To commemorate the 450th anniversary of the birth of Christopher Marlowe, Fourth Monkey Theatre Company embarked on an ambitious project to stage three Marlowe plays in a month. All three were performed in Marlowe’s native city, Canterbury, two at the theatre which now bears his name and one at the majestic Canterbury Cathedral. Opening with Doctor Faustus, the young company then took on The Massacre at Paris and The Jew of Malta. It’s not too hard to find a production of Doctor Faustus so I decided against the journey from Stratford, but The Massacre at Paris and The Jew of Malta are much less commonly seen (although, remarkably, there was also an excellent production of the former at the bankside Rose by The Dolphin’s Back in the same month). In this post, I wanted briefly to comment on how Fourth Monkey used (or did not use) comic elements in the two productions I saw and what this might suggest about the plays and about wider attitudes towards non-Shakespearean Renaissance tragedy.

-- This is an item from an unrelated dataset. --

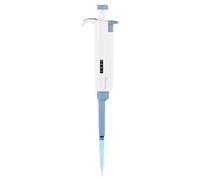 Keenso Pipeta de Pipeta Manual de 1pc Singlechannel con Diseño Ajustable de 20~200ul, Liviano y Ergonómico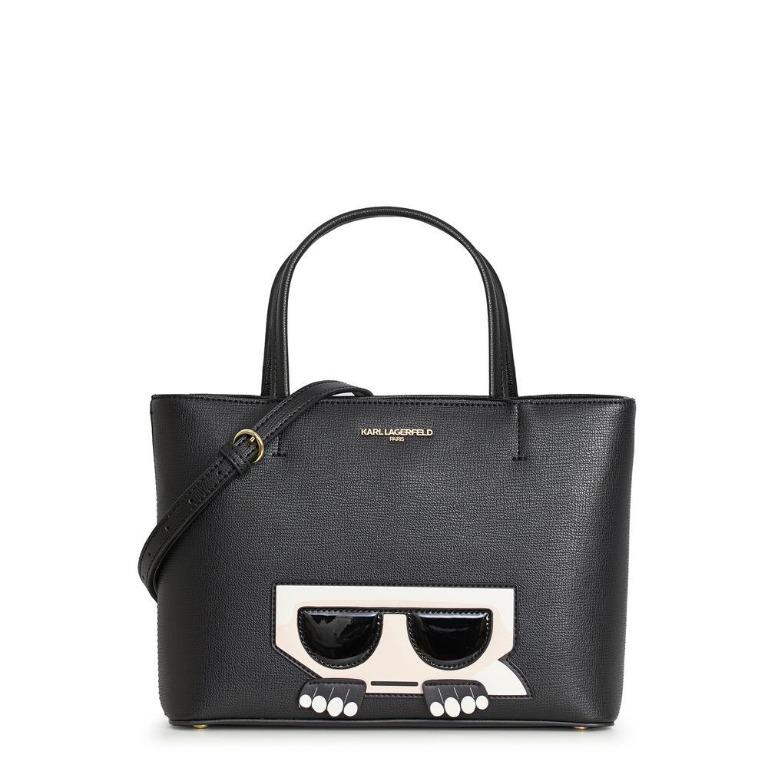Karl Lagerfeld Maybelle Tote in Black (multiple designs), Luxury, Bags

I’ll begin with a contention: although tragedies are often funny, when Renaissance tragedies are read or performed, they frequently generate laughter which seems, to me at least, unhelpful and unfortunate. It’s easy to view tragedies of the period as comically excessive and melodramatic and while this isn’t a problem in itself, it’s a shame if it becomes the predominant way of viewing the genre, not least because it seems to imply that the plays are poor in quality and unable to move their audiences. I don’t want to push this point too far, partly because I don’t want to suggest that tragedies can’t be funny, and partly because I don’t think that comic elements debase a tragedy and make it less serious or worthy. However, there is a difference between laughing at the grim comedy of a tragedy and laughing at a tragedy because it is thought to be crass and unShakespearean, (a point recently made by Holger Syme in his blog post about The Duchess of Malfi at the Sam Wanamaker Playhouse). I think non-Shakespearean tragedy is often patronised by laughter.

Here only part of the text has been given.